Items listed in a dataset

══════════

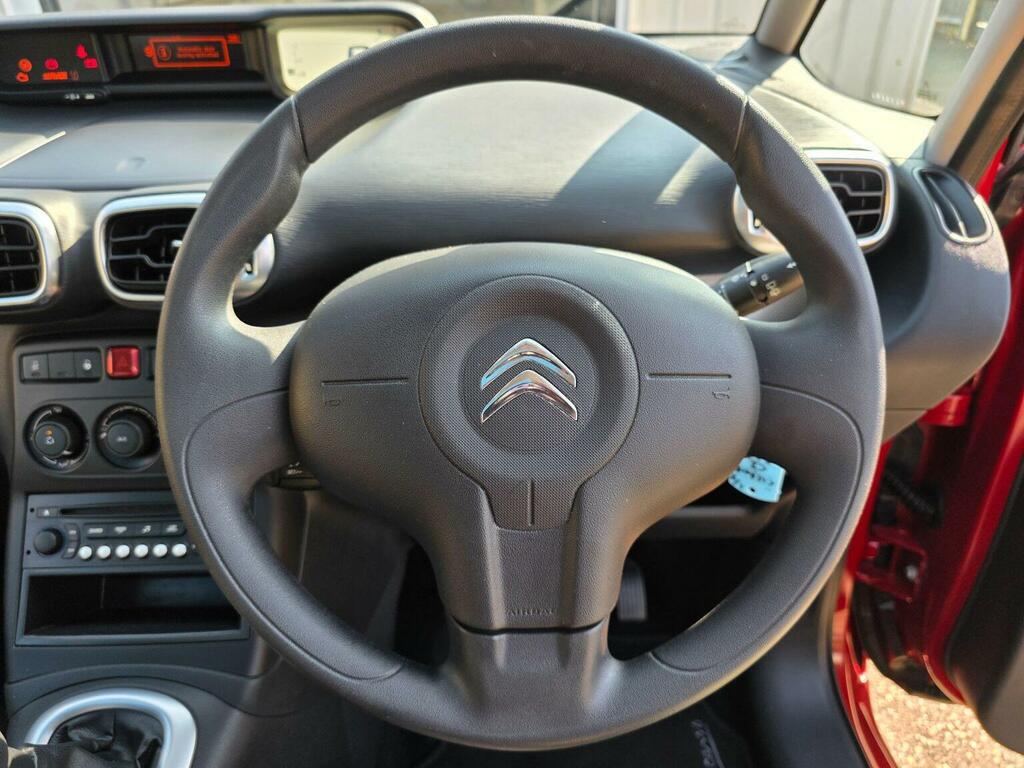 Citroen C3 Picasso  Red #17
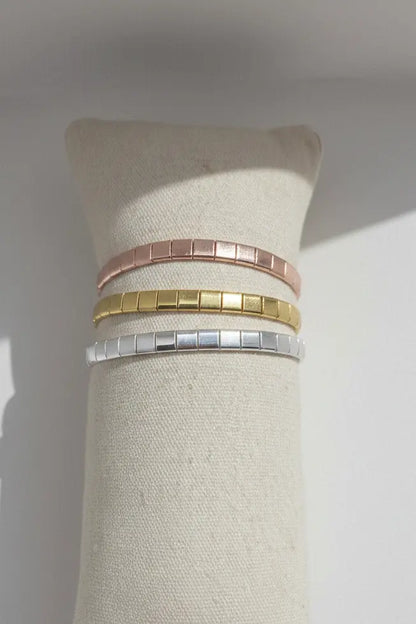 Rose Line Bracelet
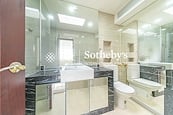 Marina Cove 匡湖居 | Third En-suite Bathroom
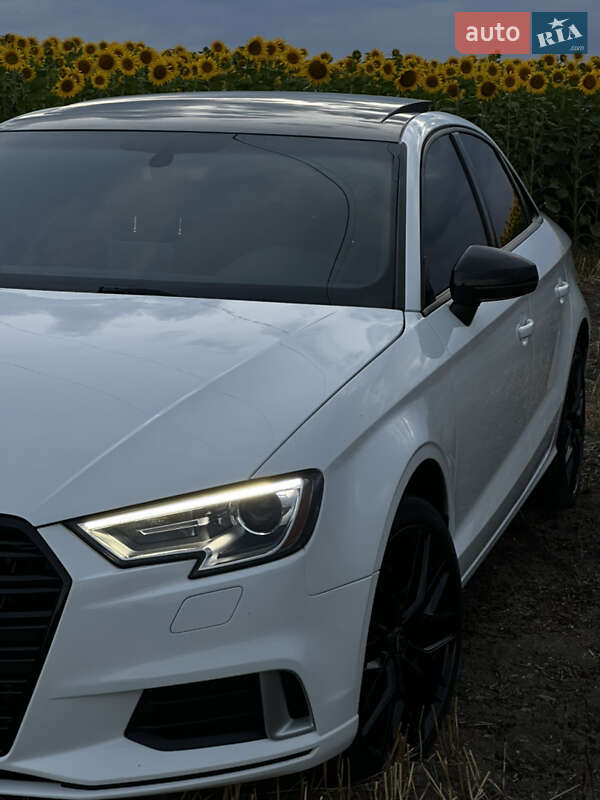 Седан Audi A3 2017 в Івано-Франківську фото 4 Седан Audi A3 2017 в Івано-Франківську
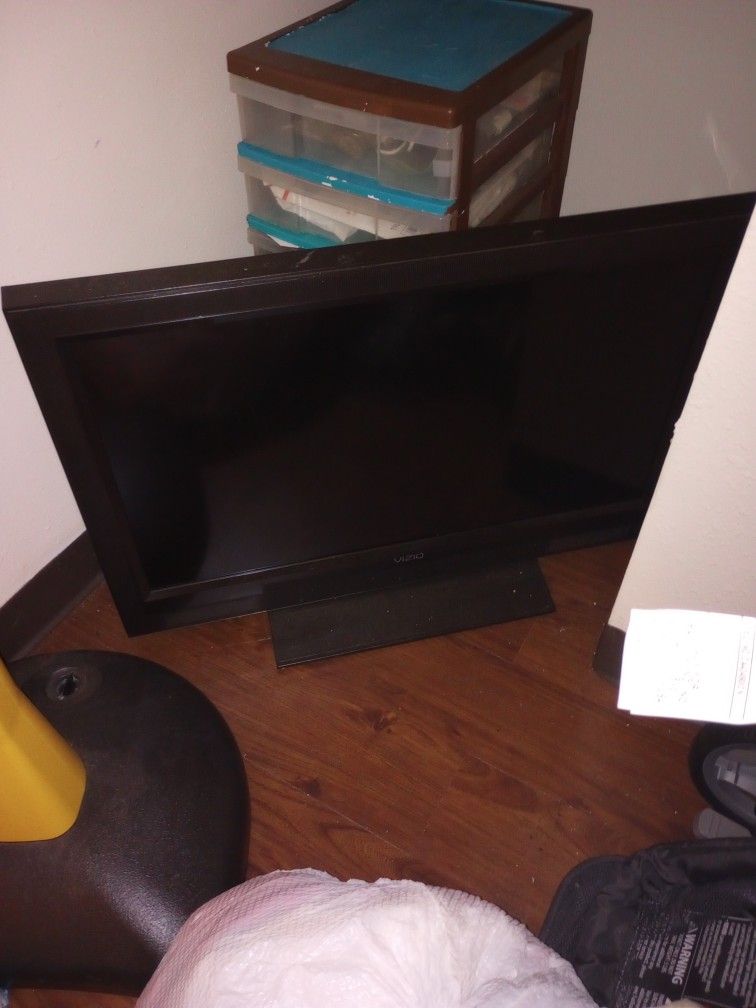 32" Vizio Tv 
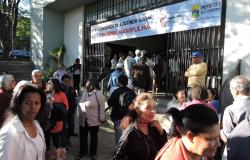 Pessoas entrando no auditório para a Pré-Conferência da Assistência Social na Pampulha durante o dia. 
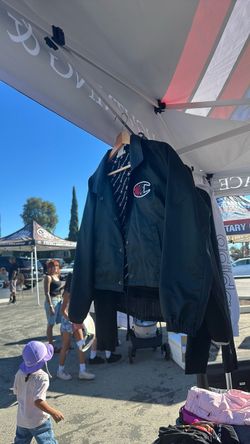 CHAMPION WINDBREAKER :$15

══════════

Try it: Only the lines from the one that contains "Pessoas entrando no" through the last line of the records may appear in the answer, retyped exactly and with no pictures.

Final answer:
 Pessoas entrando no auditório para a Pré-Conferência da Assistência Social na Pampulha durante o dia. 
 CHAMPION WINDBREAKER :$15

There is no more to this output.